CRÓNICA DA CULTURA
POSTAL 2º
Querida Dulce,
Gostei tanto da tua pronta resposta. E que postal lindo enviaste. Leio que permaneces em Lassa.
Calculei sim, que preferirias o Palácio Vermelho e suas bibliotecas e capelas - eixo central das coisas - ao Palácio Branco, o palácio dos incríveis tesouros de ouro, possante, mas ainda assim reconhecendo os cestos de vime. E, claro, já foste duas vezes ao Palácio de Potala, outrora casa de Dalai Lama, e dele também já pensaste fugir rumo a uma Índia, daí que o teu remetente me não surja absolutamente claro. Diria, sim, que estás no rebordo de uma paisagem e que te espreitas de outra.

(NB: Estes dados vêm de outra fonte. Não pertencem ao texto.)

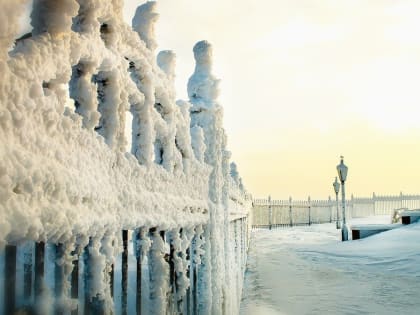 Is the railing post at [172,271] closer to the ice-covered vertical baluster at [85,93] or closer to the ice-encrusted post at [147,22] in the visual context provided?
the ice-encrusted post at [147,22]

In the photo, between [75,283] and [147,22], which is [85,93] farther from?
[147,22]

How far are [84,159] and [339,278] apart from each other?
23.2 feet

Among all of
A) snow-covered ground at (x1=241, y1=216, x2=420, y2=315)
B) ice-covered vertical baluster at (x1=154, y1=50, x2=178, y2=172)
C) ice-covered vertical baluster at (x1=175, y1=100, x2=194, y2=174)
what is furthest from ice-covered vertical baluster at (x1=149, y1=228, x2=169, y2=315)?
snow-covered ground at (x1=241, y1=216, x2=420, y2=315)

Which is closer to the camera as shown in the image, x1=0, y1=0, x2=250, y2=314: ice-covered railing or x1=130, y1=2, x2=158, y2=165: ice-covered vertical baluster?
x1=0, y1=0, x2=250, y2=314: ice-covered railing

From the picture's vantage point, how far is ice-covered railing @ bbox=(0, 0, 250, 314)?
71 centimetres

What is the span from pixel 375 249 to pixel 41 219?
426 inches

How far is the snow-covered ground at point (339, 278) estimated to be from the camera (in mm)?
5281

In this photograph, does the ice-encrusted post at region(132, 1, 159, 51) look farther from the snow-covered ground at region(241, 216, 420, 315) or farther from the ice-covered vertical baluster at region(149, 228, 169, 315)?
the snow-covered ground at region(241, 216, 420, 315)

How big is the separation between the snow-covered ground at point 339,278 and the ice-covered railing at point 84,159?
3683 mm

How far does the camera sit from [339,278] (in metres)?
7.32

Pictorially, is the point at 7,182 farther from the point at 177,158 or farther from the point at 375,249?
the point at 375,249

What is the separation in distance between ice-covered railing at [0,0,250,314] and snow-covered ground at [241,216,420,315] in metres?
3.68

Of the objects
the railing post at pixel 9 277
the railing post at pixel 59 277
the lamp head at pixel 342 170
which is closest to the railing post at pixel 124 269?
the railing post at pixel 59 277

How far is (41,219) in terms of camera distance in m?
0.75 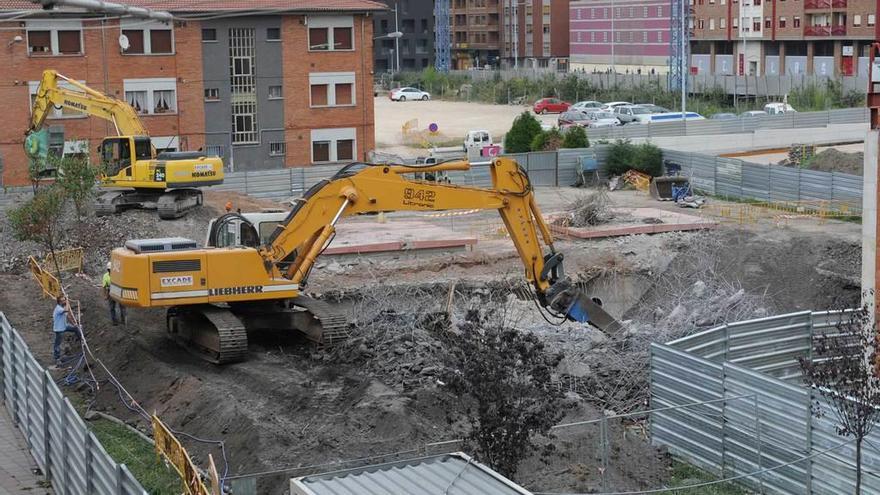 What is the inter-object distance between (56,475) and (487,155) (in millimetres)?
38475

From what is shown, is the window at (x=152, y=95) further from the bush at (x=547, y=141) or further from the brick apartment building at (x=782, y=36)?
the brick apartment building at (x=782, y=36)

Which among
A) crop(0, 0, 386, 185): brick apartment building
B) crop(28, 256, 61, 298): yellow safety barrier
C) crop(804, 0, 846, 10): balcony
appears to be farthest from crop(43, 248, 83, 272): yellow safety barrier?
crop(804, 0, 846, 10): balcony

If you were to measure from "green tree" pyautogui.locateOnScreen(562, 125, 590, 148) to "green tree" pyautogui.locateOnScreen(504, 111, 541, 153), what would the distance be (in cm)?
236

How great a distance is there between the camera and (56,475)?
17.6 m

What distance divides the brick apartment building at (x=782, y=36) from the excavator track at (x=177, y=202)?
45126mm

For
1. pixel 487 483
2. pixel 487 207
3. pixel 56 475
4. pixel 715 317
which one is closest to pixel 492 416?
pixel 487 483

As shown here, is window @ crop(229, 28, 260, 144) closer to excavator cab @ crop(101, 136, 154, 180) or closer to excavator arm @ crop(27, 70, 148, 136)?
excavator arm @ crop(27, 70, 148, 136)

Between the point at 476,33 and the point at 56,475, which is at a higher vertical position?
the point at 476,33

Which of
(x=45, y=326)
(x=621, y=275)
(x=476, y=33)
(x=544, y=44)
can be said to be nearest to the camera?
(x=45, y=326)

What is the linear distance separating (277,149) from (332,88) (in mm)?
3307

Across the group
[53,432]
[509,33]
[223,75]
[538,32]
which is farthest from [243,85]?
[509,33]

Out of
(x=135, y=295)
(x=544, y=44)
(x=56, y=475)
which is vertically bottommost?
(x=56, y=475)

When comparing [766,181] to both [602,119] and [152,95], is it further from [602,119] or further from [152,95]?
[152,95]

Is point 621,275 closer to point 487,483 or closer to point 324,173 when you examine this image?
point 324,173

Diz-se, querida Dulce, que no Tibete se começa um outro viver, o viver dos cumes, onde e aonde um olhar captor, nos convida a sentir que, ao mesmo tempo, esse mesmo olhar, nos liberta. Ah! Que extraordinário!, que excesso!, uma entrega sem defesa.
No postal anterior, fazia-te notar as razões da equidistância, aquelas que nos baralham, se não pensarmos o quanto somos furtivos e inábeis no conhecer mundos. Agora, proponho-te, que aí, desates os pés e experimentes sabores novos e descalços, e mais te proponho: deixa que que ao teu peito prevaleça uma segunda escolha. Ao teu nariz chegará um cheiro desconhecido, exalado da indagação. Diverte-te, pois, com ele. Descobre-lhe o enigma, chama-lhe viagem.
Agorinha mesmo, doce Dulce chegou-me à memória o cheiro dos pinhais da nossa infância. O ruído do vento por entre as pinhas. O estalar da caruma sob as sandálias. De repente, ali abri os braços, fechei os olhos, rodei em mim vertiginosamente. Quando parei, tu, habituada àquele ritual disseste-me, tranquila:
Um dia vou escrever-te tantos postais, Isa!, mas tantos!, como se estivesse muito longe daqui.